The Cisco Unified MeetingPlace Express is a Web collaboration and video conferencing product developed by Cisco Systems and the Kaspersky researchers believe the exploit authors were trying to use it to spy on their targets.
It's not known what kind of malware the exploits delivered because the payload files that they were designed to download and execute on the victim computers had been removed from the remote server where they were hosted by the time the attacks were discovered.
Given the nature of the site used to host the exploits and the fact that all identified victims -- seven unique users -- were based in Syria, "we believe the attack was designed to target Syrian dissidents complaining about the government," Zakorzhevsky said.
The vulnerability was fixed Monday in the newly released Flash Player 22.214.171.124 for Windows and Mac and Flash Player 126.96.36.1996 for Linux.
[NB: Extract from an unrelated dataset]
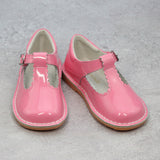 L'Amour Girls Selina Patent Malibu Pink Leather Scalloped T-Strap Mary Janes - Babychelle.com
The Flash Player versions bundled with Google Chrome, Internet Explorer 10 on Windows 8 and Internet Explorer 11 on Windows 8.1, will get the fix automatically through the respective update mechanisms of those browsers.
"Although we've only seen a limited number attempts to exploit this vulnerability, we're strongly recommending users to update their versions of Adobe Flash Player software," Zakorzhevsky said via email. "It is possible that once information about this vulnerability becomes known, criminals will try to reproduce these new exploits or somehow get the existing variants and use them in other attacks."
It's likely that cybercriminals will try to profit from this vulnerability even with a patch available, because it will take some time for all users to update their Flash Player installations, Zakorzhevsky said. "Unfortunately this vulnerability will be dangerous for a while."
News of this Flash Player zero-day exploit comes after Saturday Microsoft warned customers about attacks exploiting a previously unknown vulnerability in Internet Explorer.